_Work instructions_:
Each line in the material below, starting at the one that contains "Residence Celeste Mezzegra Bagian luar foto" and ending at the one that contains "Stunning In Centre By The Sea! شقة", should be repeated exactly; the pictures should not.

** Opening Data for this exercise block **

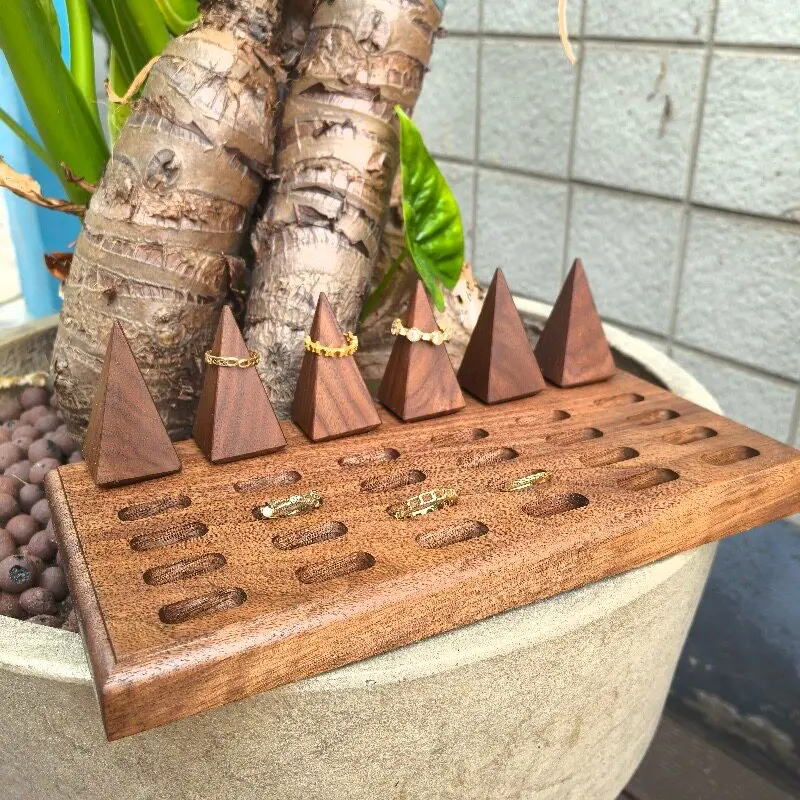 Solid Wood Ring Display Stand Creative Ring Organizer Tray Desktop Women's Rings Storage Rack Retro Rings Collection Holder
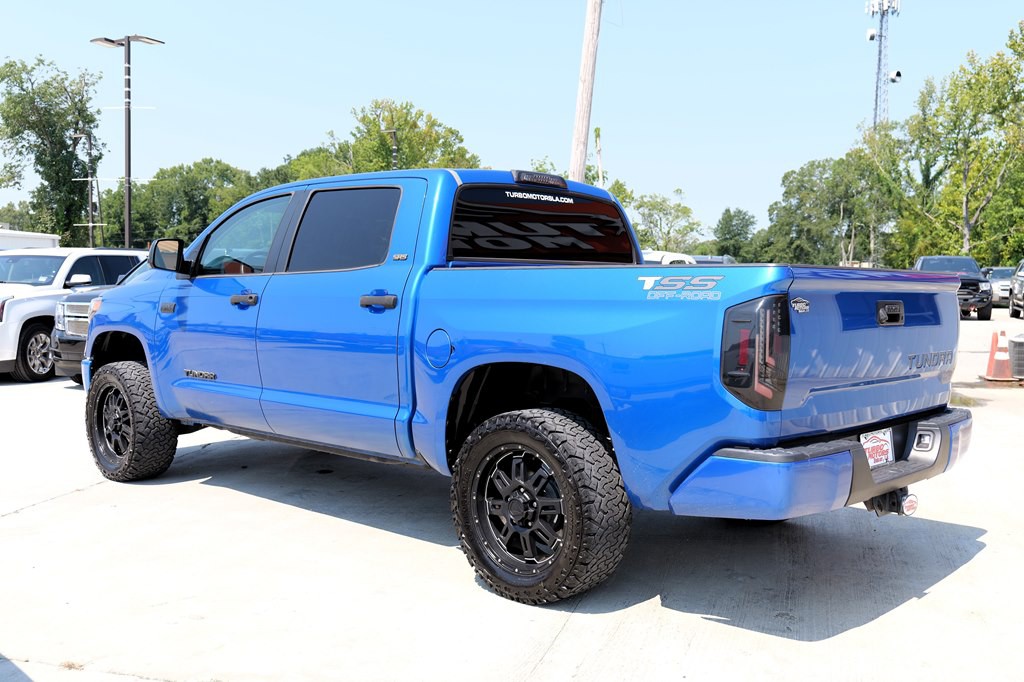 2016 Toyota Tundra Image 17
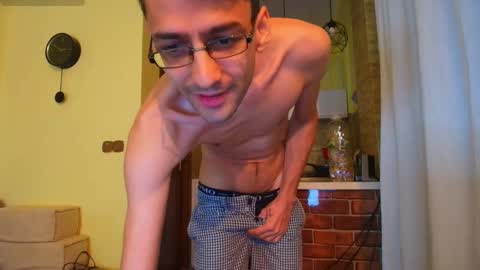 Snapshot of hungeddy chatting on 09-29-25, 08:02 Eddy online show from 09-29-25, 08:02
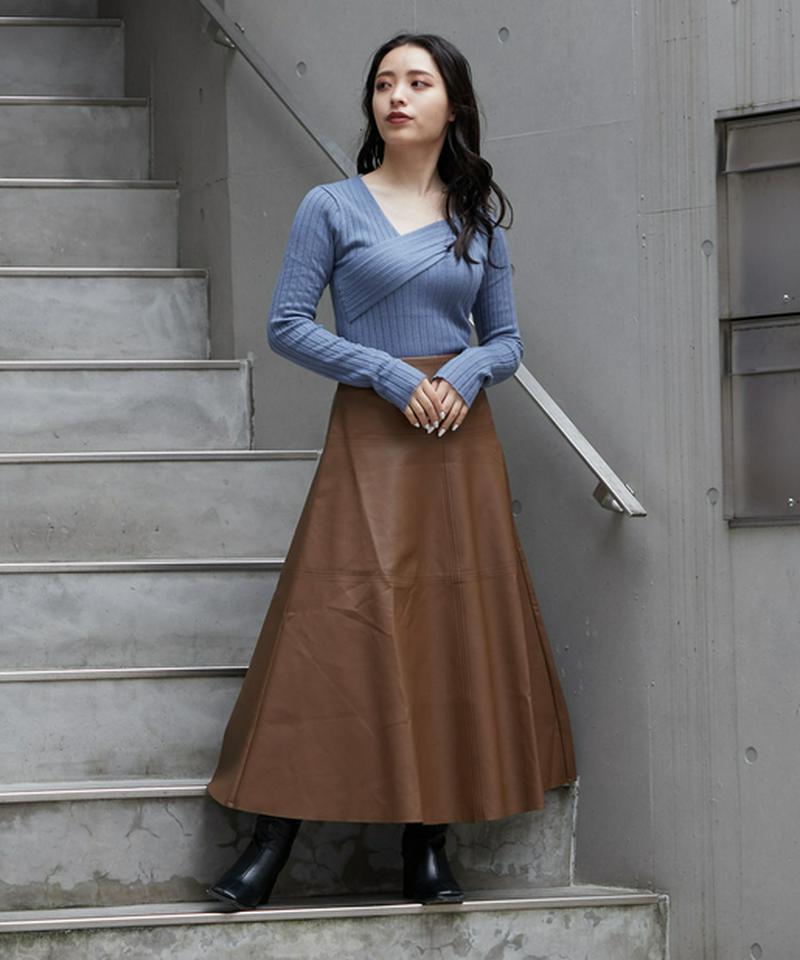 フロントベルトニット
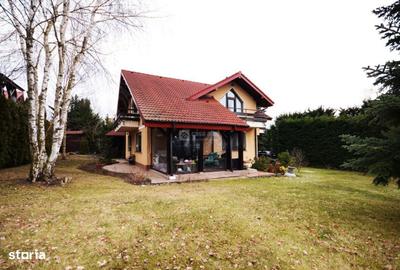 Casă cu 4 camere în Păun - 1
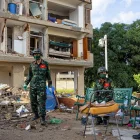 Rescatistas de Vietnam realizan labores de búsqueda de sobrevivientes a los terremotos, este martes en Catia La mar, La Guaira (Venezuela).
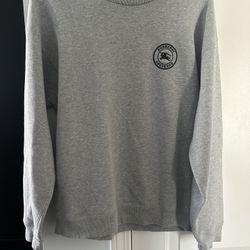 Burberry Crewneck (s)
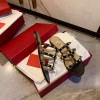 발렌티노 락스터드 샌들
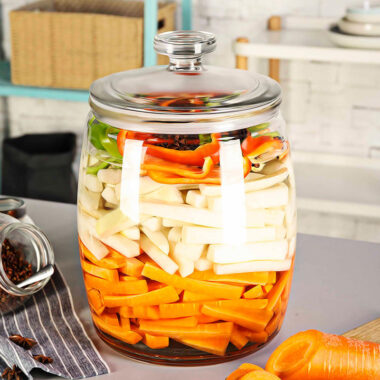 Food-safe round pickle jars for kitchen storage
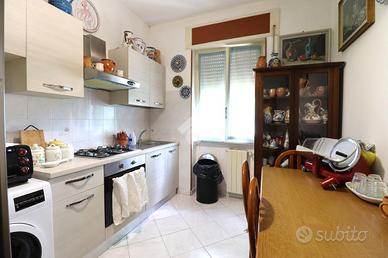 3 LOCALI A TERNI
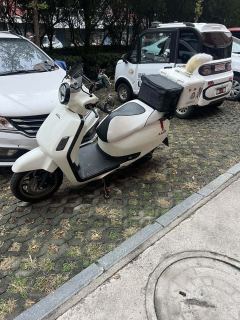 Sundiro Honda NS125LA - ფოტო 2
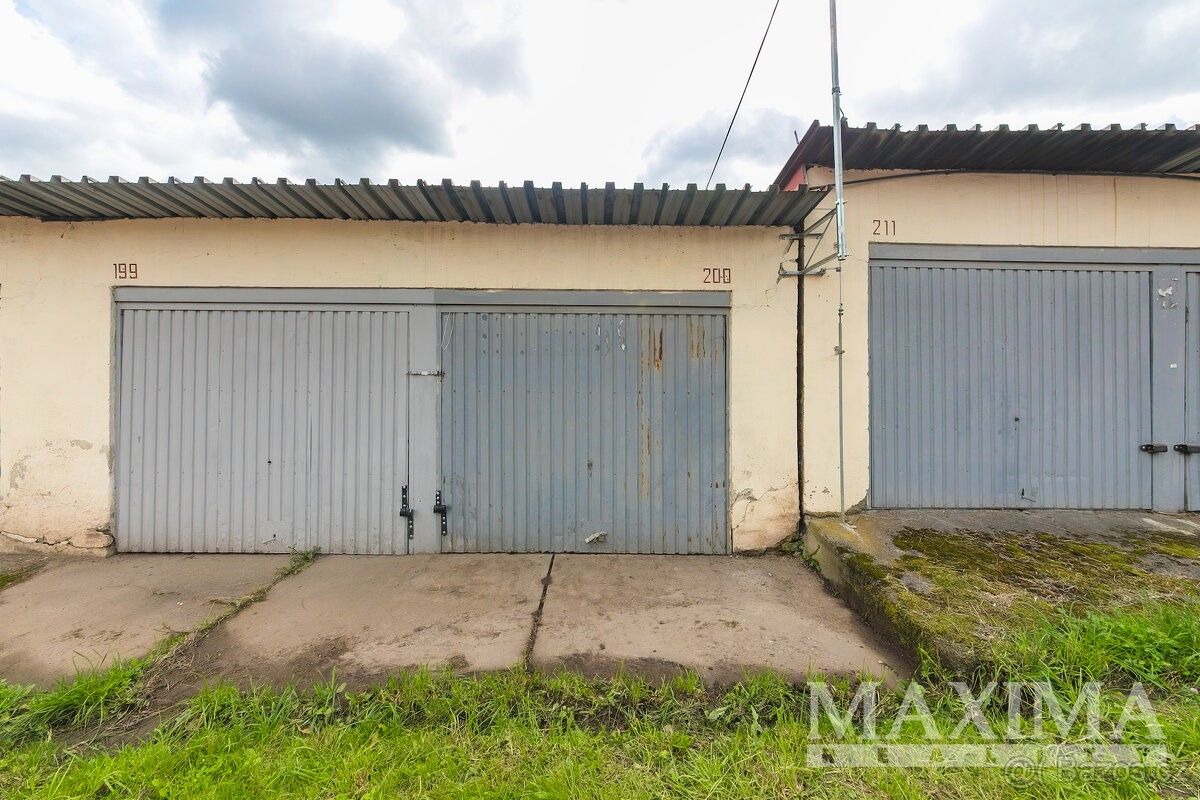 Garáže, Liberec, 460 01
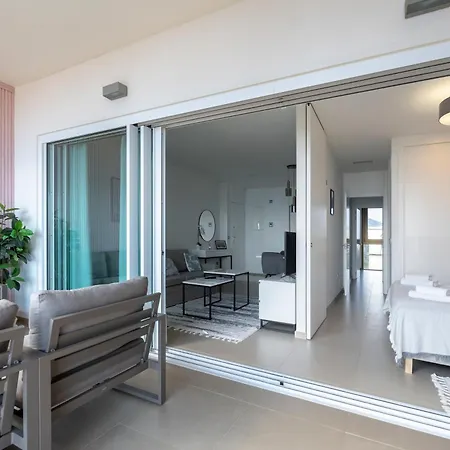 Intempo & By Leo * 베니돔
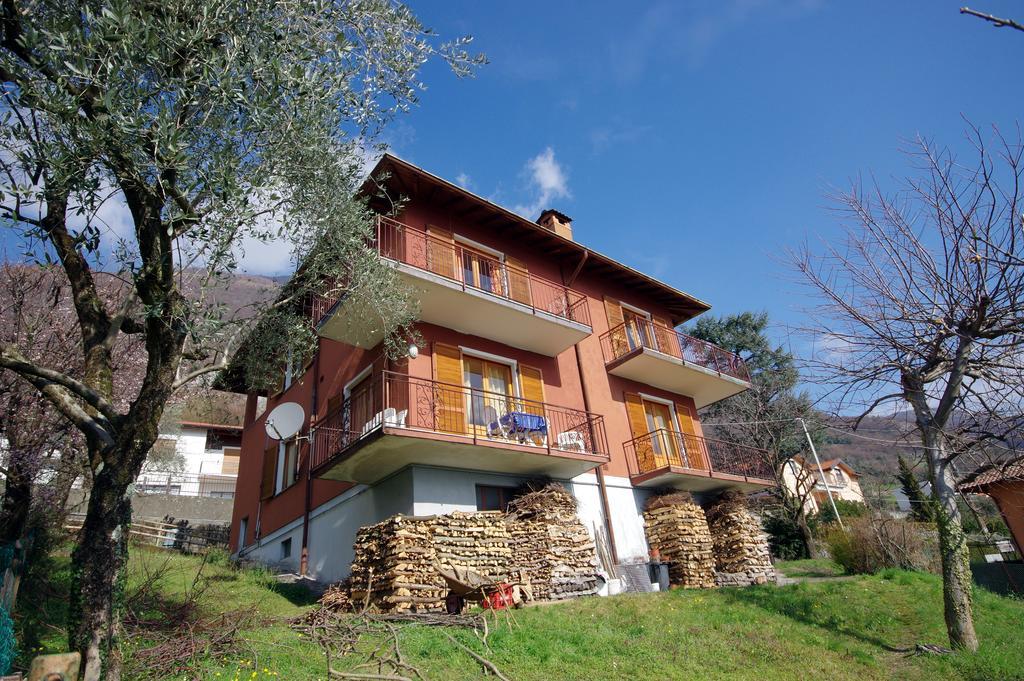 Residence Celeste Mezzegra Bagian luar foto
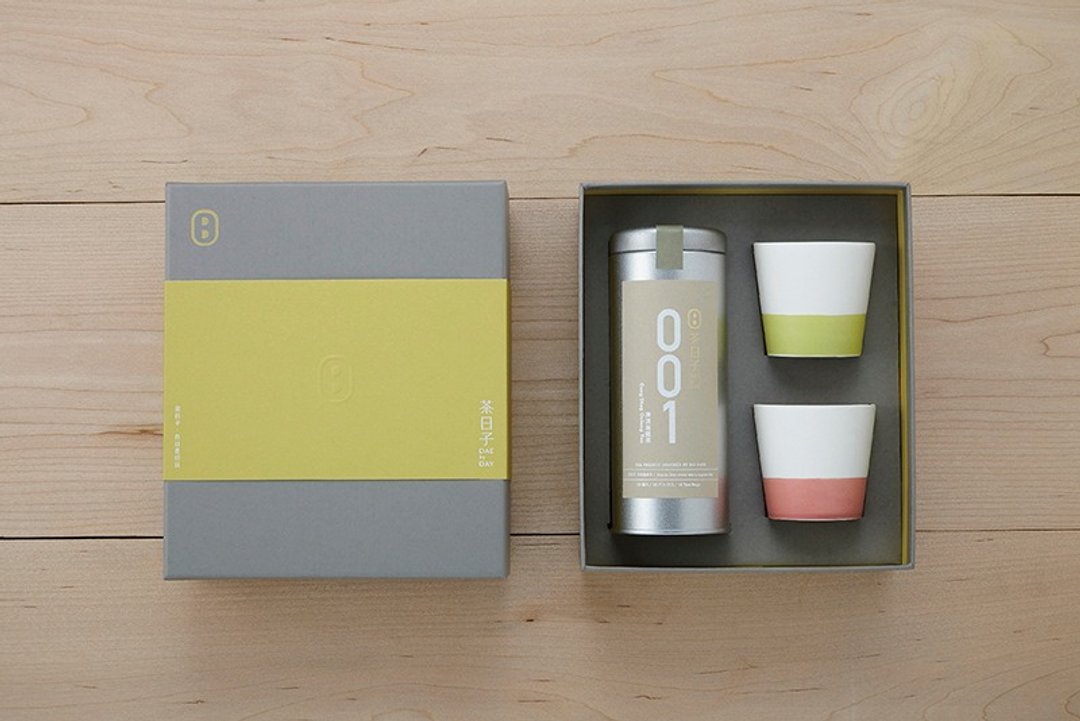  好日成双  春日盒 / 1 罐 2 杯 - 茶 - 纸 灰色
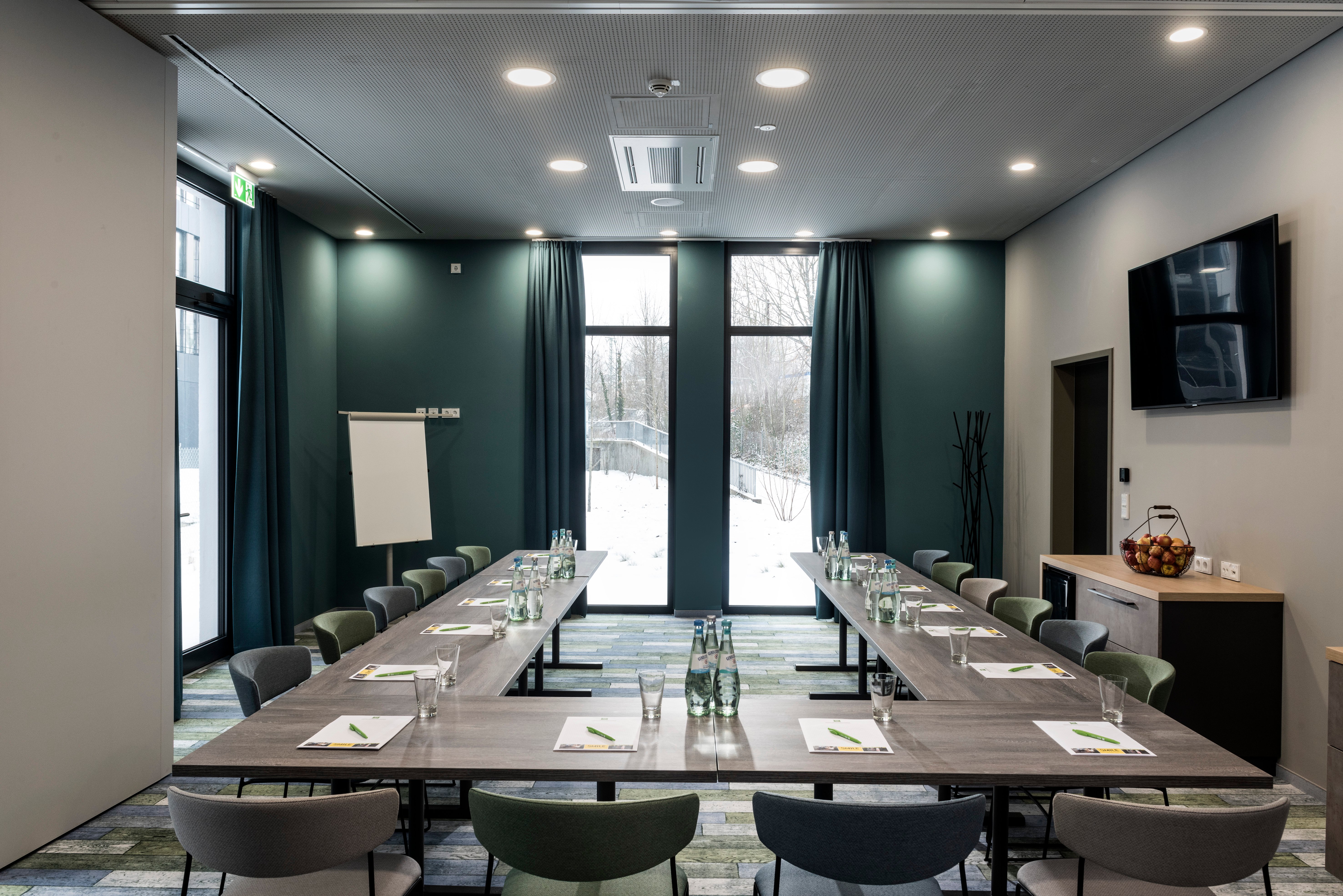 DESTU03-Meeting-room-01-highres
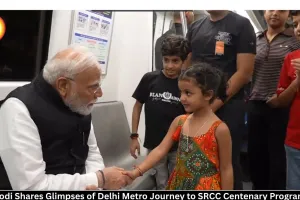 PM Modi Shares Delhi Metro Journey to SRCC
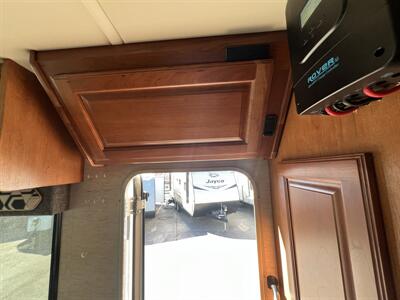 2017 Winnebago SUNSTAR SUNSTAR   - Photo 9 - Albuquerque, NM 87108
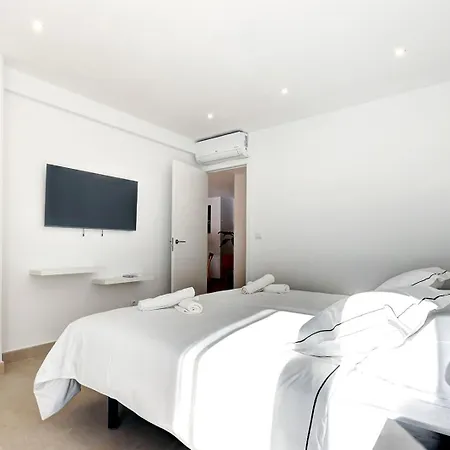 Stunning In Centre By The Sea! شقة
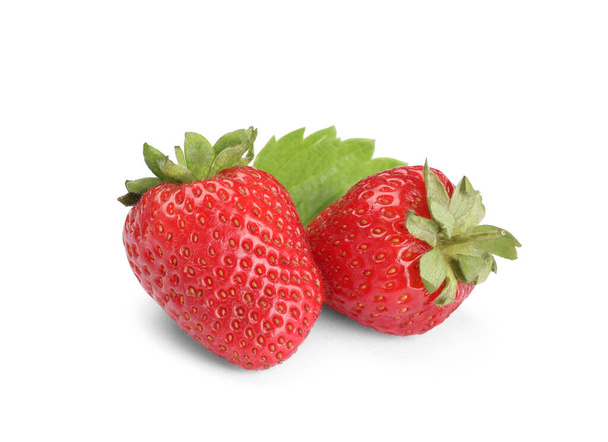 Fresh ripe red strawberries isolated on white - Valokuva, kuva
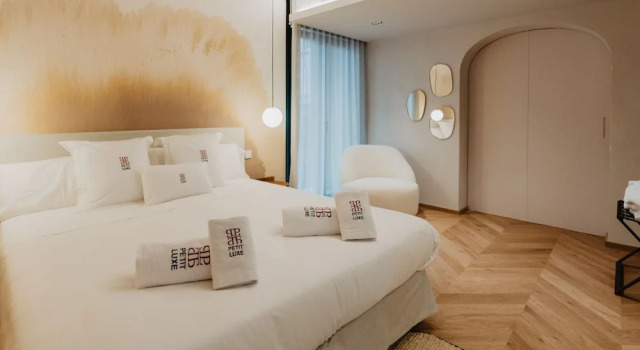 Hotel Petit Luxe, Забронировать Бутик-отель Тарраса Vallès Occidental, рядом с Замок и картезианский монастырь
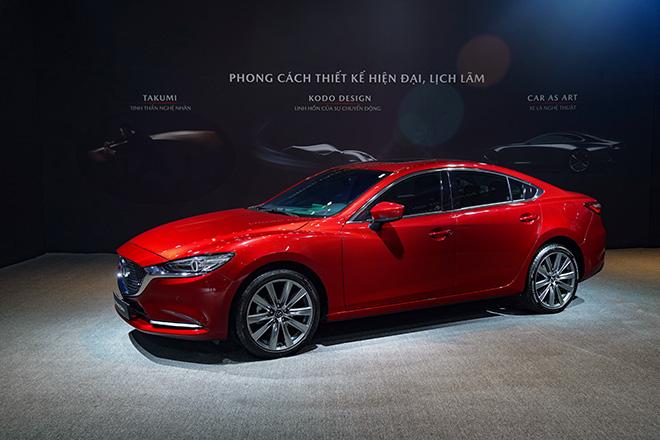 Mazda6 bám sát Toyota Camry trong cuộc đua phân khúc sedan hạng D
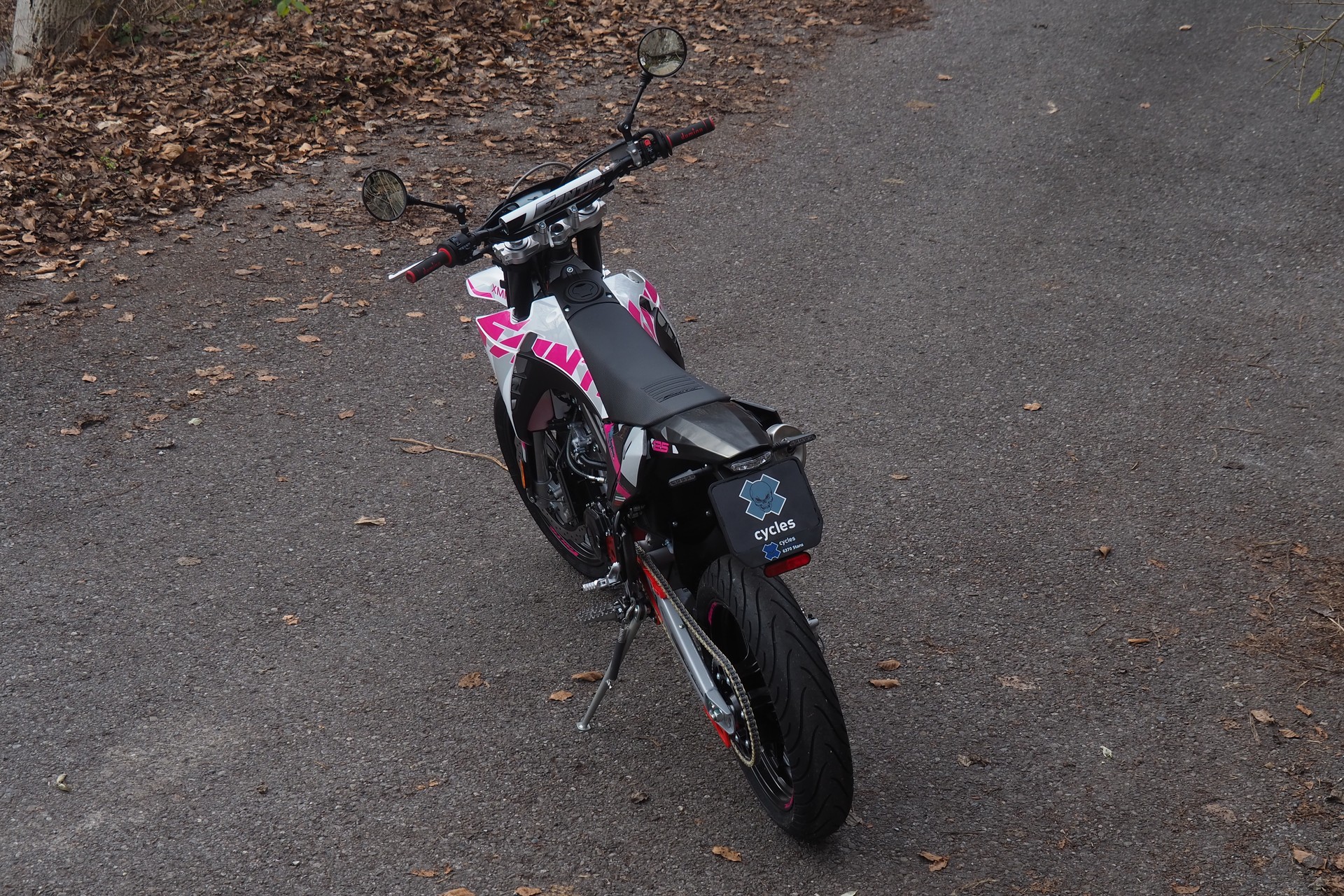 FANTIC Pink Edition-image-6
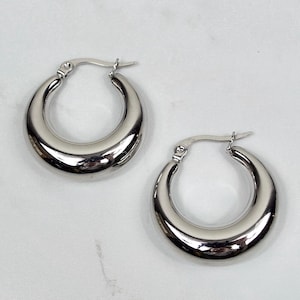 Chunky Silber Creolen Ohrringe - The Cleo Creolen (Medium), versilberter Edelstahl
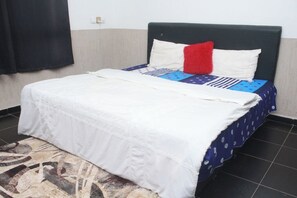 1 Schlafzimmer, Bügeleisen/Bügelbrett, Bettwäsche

** Closing Data for this exercise block **

_Output for this task_:
 Residence Celeste Mezzegra Bagian luar foto
  好日成双  春日盒 / 1 罐 2 杯 - 茶 - 纸 灰色
 DESTU03-Meeting-room-01-highres
 PM Modi Shares Delhi Metro Journey to SRCC
 2017 Winnebago SUNSTAR SUNSTAR   - Photo 9 - Albuquerque, NM 87108
 Stunning In Centre By The Sea! شقة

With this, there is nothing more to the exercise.